Please use this identifier to cite or link to this item: https://hdl.handle.net/10321/5150
Title: Molecular characterization of faecal RNA virome of healthy chickens using next-generation sequencing
Authors: Nwokorogu, Vivian Chiamaka 
Keywords: Viral metagenomics;Faecal virome;Gastrointestinal tract;RNA viruses;Next generation sequencing;Poultry;Chicken;Zoonosis;Viral diversity and relative abundance
Issue Date: Sep-2023
Abstract: 
The incidence of emerging and re-emerging diseases has been on the rise, affecting both wild and
domestic animals. Globally, it is noteworthy that major disease outbreaks that have caused significant
morbidity and mortality in poultry systems, other animal species and human populations, have been
attributed to viruses originating from animals including birds. Some of these viral outbreaks,
especially those characterized by highly unstable RNA genomes have escalated into epidemics or
even pandemics. Instances of RNA viral outbreaks, notably associated with animal origins, include
severe acute respiratory syndrome coronavirus 2 (SARS-CoV 2), Ebola, Swine flu, and Middle East
respiratory syndrome (MERS), Spanish flu, Asian flu, and Hong Kong flu. Globally, substantial
losses in poultry, have been attributed to RNA viral-linked infections including Newcastle disease,
avian influenza, avian leukosis, Gumboro disease, bronchitis, and acute enteritis.
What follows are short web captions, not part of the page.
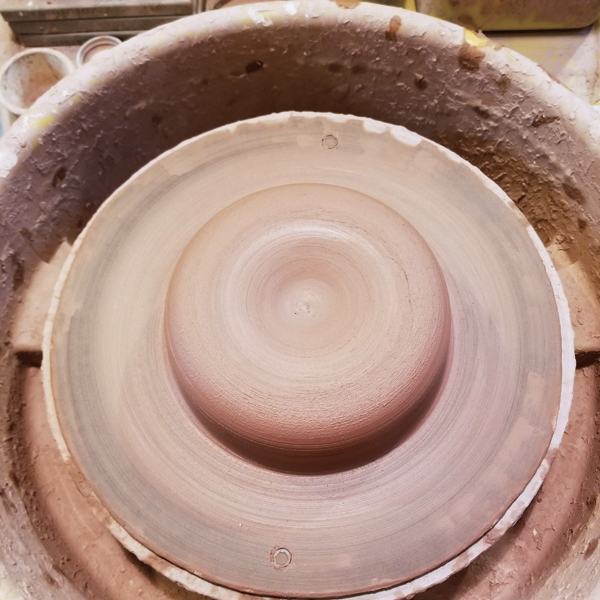 1 Center 3½ pounds of clay (or a little more if you want a wide rim) into a low puck.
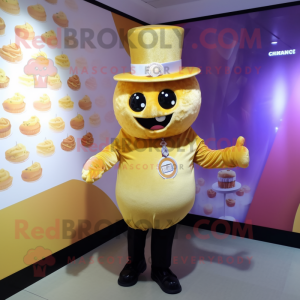 Gold Cupcake mascot costume character dressed with a Button-Up Shirt and Hat pins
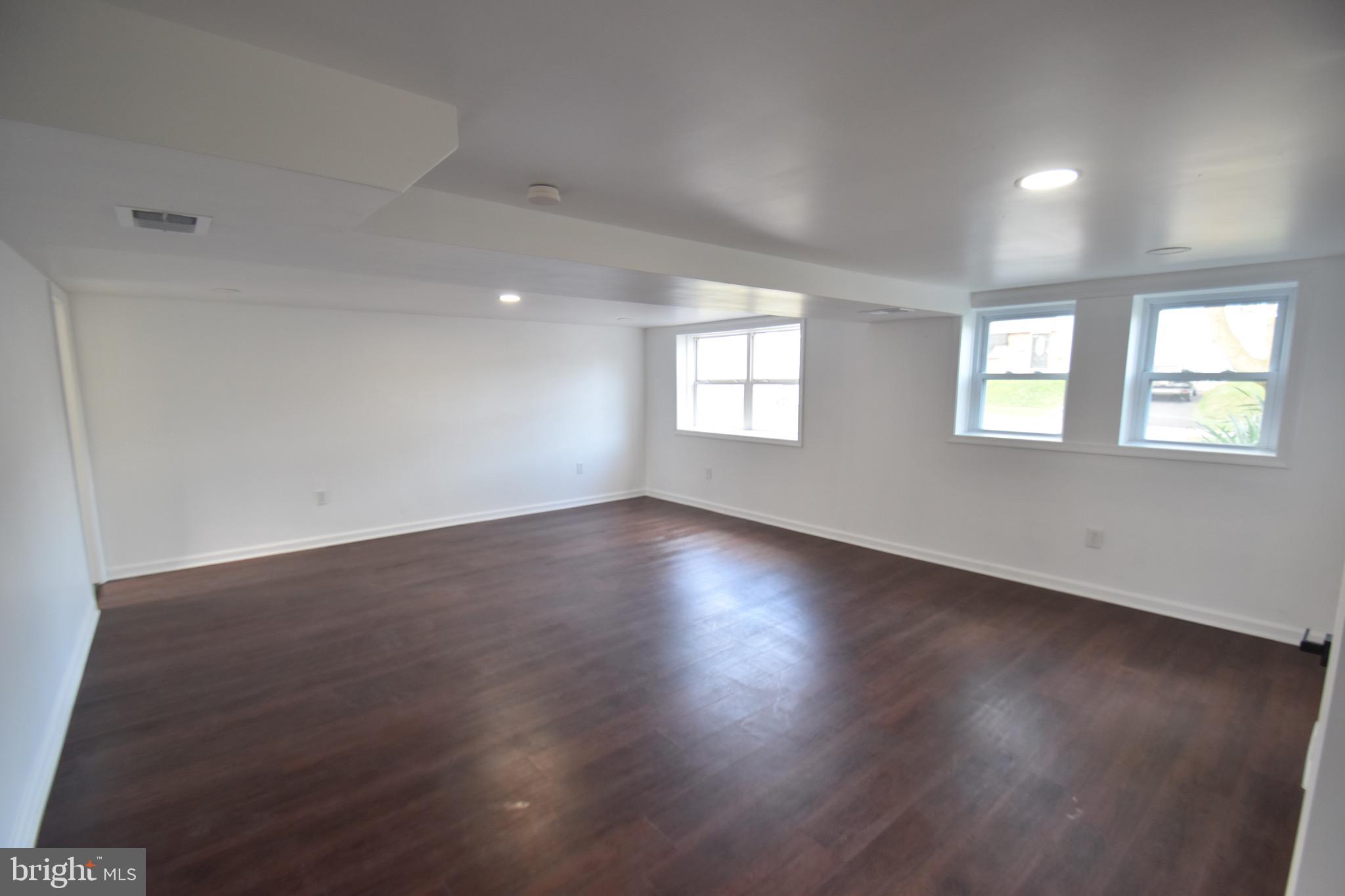 6 Russell Road New Castle, DE 19720 - Photo 8 of 16 an empty room with wooden floor and windows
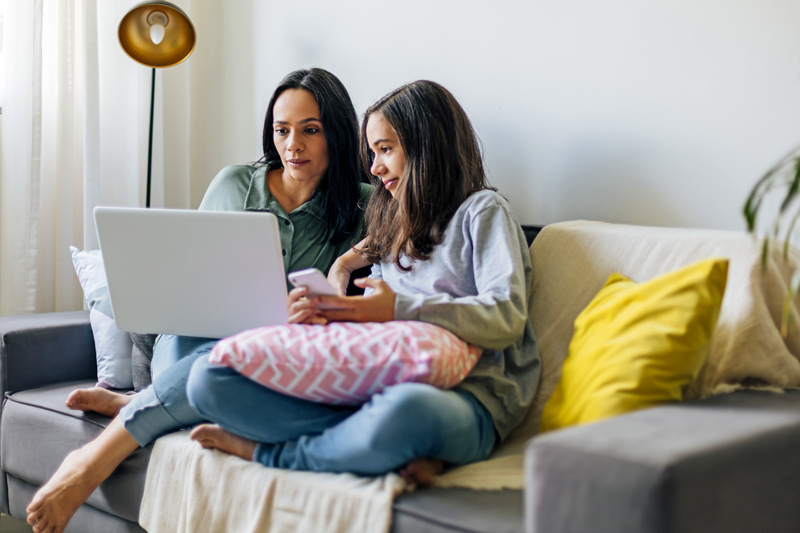 mother sitting with daughter on a couch taking an online assessment on a laptop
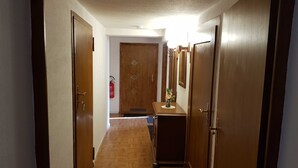 A hallway with wooden doors, a fire extinguisher, and a small table with a vase. - Apartment in Ahlbeck - Apartment (basement up to 3 pers.) (Heringsdorf)
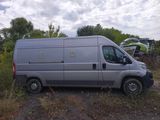 a silver van that is parked in the grass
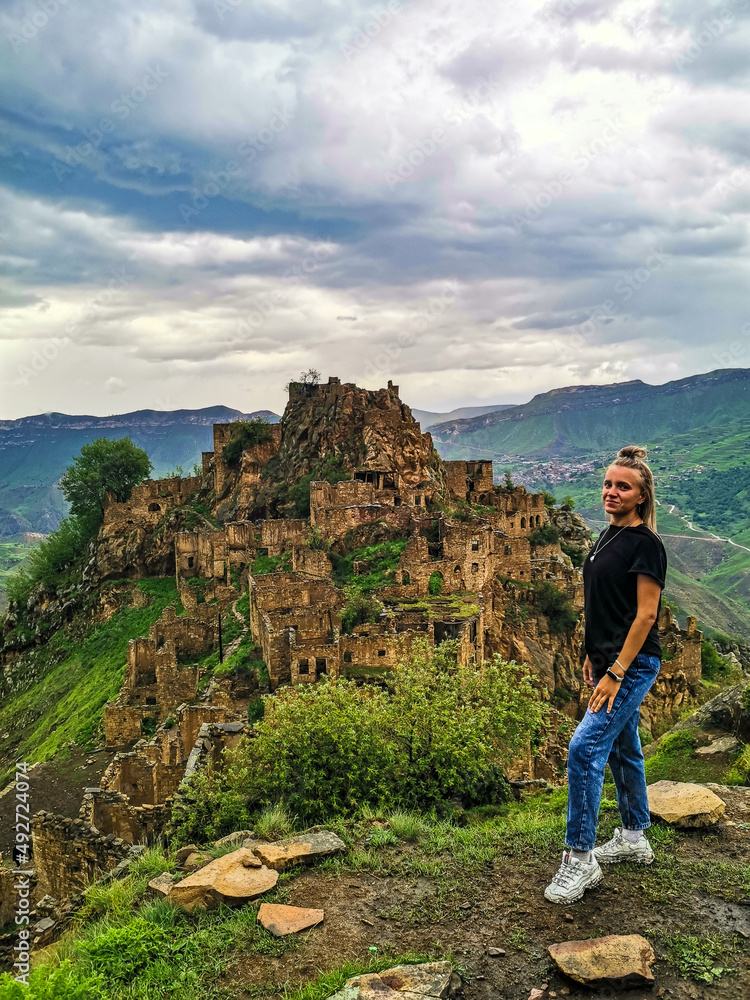 Fototapeta premium A girl on the background of Gamsutl village in the Caucasus mountains, on top of a cliff. Dagestan Russia June 2021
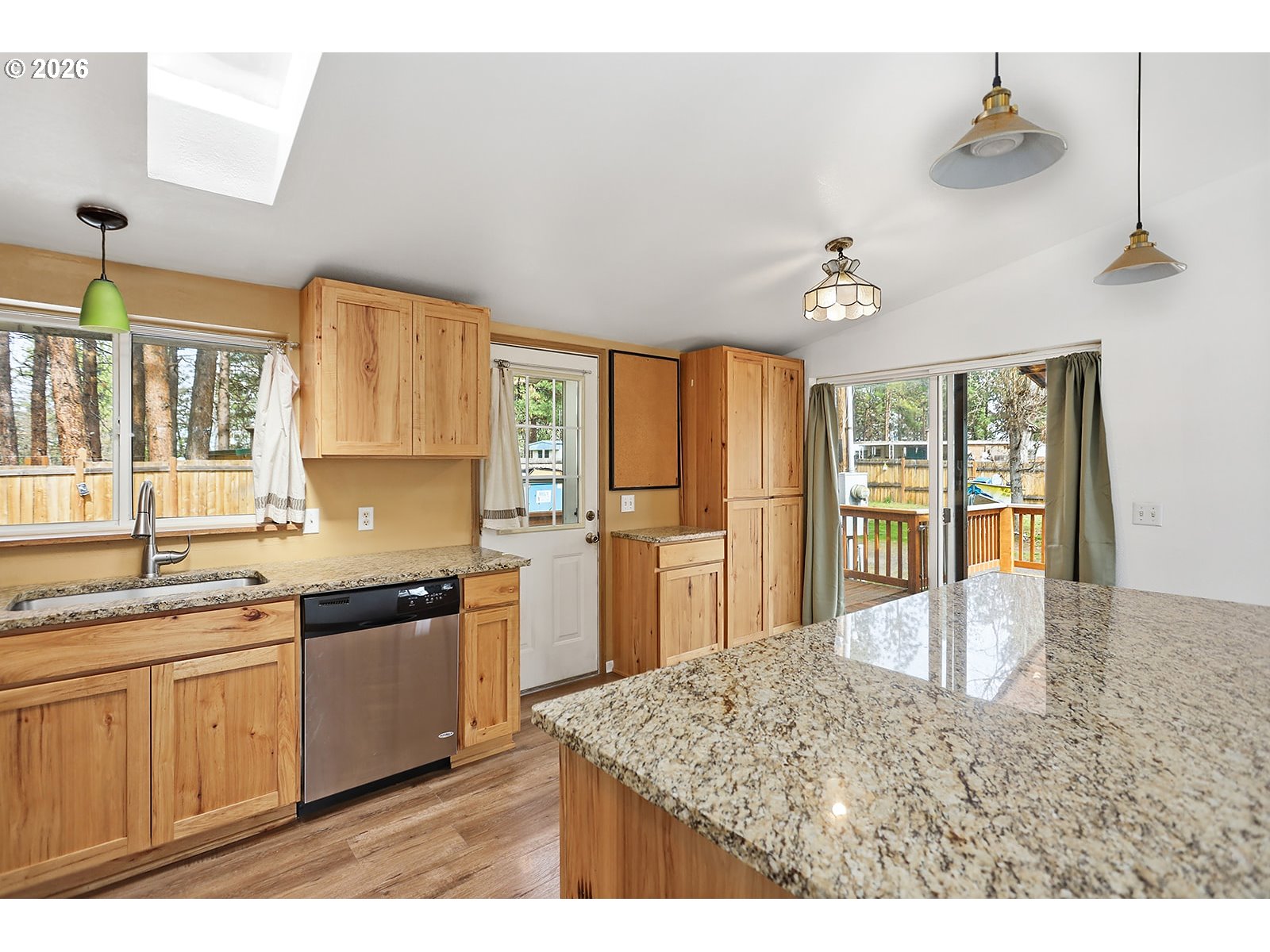 39 North Eagle Point Road Tygh Valley, OR 97063 - Photo 10 of 34 a kitchen with stainless steel appliances granite countertop a sink cabinets and window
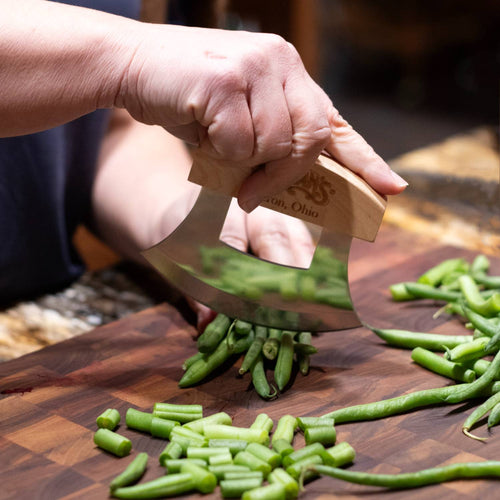 Handcrafted crescent-shaped wooden-handled ulu knife swiftly chopping fresh green beans on a wooden cutting board, ideal for Farm, Garden & Tool, Kitchen & Food, and Food Prep collections.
In South Africa, the
poultry industry has remained the largest agricultural sector, with significant contribution to the
nation’s gross domestic product from proceeds of poultry meat and eggs. Interestingly, chicken is the
most farmed poultry bird in South Africa and a major source of protein consumed across all income
classes. As a result of the increasing demand for chicken in South Africa, its consumption has
outweighed its local production, leading to importations. Though the nation’s chicken production
strives to remain competitive for its growing demand, however, this goal has been threatened by the
rising production cost and infectious disease outbreaks including those of viral origin in flocks.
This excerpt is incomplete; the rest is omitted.